10. The banking union is especially positive for Luxembourg, and the related EU directives should be transposed swiftly. By taking an integrated approach across countries, the Single Supervisory Mechanism is better able to shine light on important cross border risks. To benefit fully from the banking union, Luxembourg should speed up adoption of the EU directives governing bank capital requirements, bank recovery and resolution, and the deposit guarantee scheme. The delays are counterproductive, and no effort should be spared to return to the tradition of prompt implementation of EU financial market directives.

11. The revised proposal for a systemic risk committee provides for appropriately broad reach, going well beyond banking. The committee’s recommendations will not be binding, underscoring the need for a consensual approach. Duties should include not only risk monitoring but also identification of regulatory issues. Macroprudential tools should be readied for use if needed, with the choice of tools informed by relevant data and analysis. One focus for the committee could be the housing market, where there seems no urgent cause for concern but pockets of risk are possible. Rising housing prices span decades, reflecting population and job growth combined with zoning and other rules that constrain supply.

12. Lastly, it is good that Luxembourg intends to advocate for better oversight arrangements for groups that include banks. Such groups are difficult to supervise effectively, especially when they mix banking and commerce. As the events last year show, the EU framework can allow holding companies that exert dominant influence over banks to slip through the supervisory net. Even where these firms are correctly identified, they cannot be directly subjected to capital rules to ensure they are able to support their bank subsidiaries. As a welcome first step, Luxembourg supervisors have proposed strictures on the use of a bank’s franchise name by nonbanks claiming no affiliation, to cut reputational links. Befitting its position as a financial hub for Europe, Luxembourg also intends to discuss changes at the EU level, placing itself at the forefront of the wider debate.

Policies for Growth

13. Diversification efforts should go together with steps to equip workers with relevant skills. Seeking to develop opportunities outside finance, the government is promoting logistics, biotechnology, ICT, and green technology, most of which require advanced skills. Math and science scores are below OECD averages, however, despite high education spending per student relative to neighboring countries. Vocational training in particular should be more nimble, to keep up with the economy’s needs.

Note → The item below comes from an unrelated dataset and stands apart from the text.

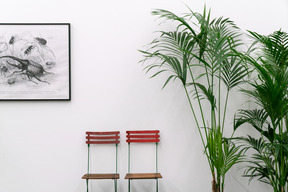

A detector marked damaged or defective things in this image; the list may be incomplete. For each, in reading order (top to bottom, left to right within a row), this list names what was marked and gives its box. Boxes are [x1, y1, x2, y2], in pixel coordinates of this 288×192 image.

red paint chipped chair [82, 131, 120, 192]
red paint chipped chair [125, 130, 163, 191]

14. Job creation is strong, yet unemployment remains elevated by historical standards. More than half of new jobs go to cross border commuters, while joblessness among residents reflects skills mismatches and, potentially, incentives reflecting aspects of the benefits system. Efforts to tackle this situation include continuing to modernize the employment agency. Steps are also being taken to lift youth and women’s participation in the labor force. Maintaining the tradition of dialogue between government, employers, and employees, the authorities should assess whether other features of the benefits system can be reformed to boost jobs.

1 As part of its mandate to oversee the international monetary system, the IMF periodically has an in-depth discussion with each of its member countries about their economic policies. This exercise, known as an Article IV consultation, involves an examination of fiscal, financial sector, and other key policies from a medium-term perspective. The IMF’s last Article IV consultation with Luxembourg concluded in May 2014.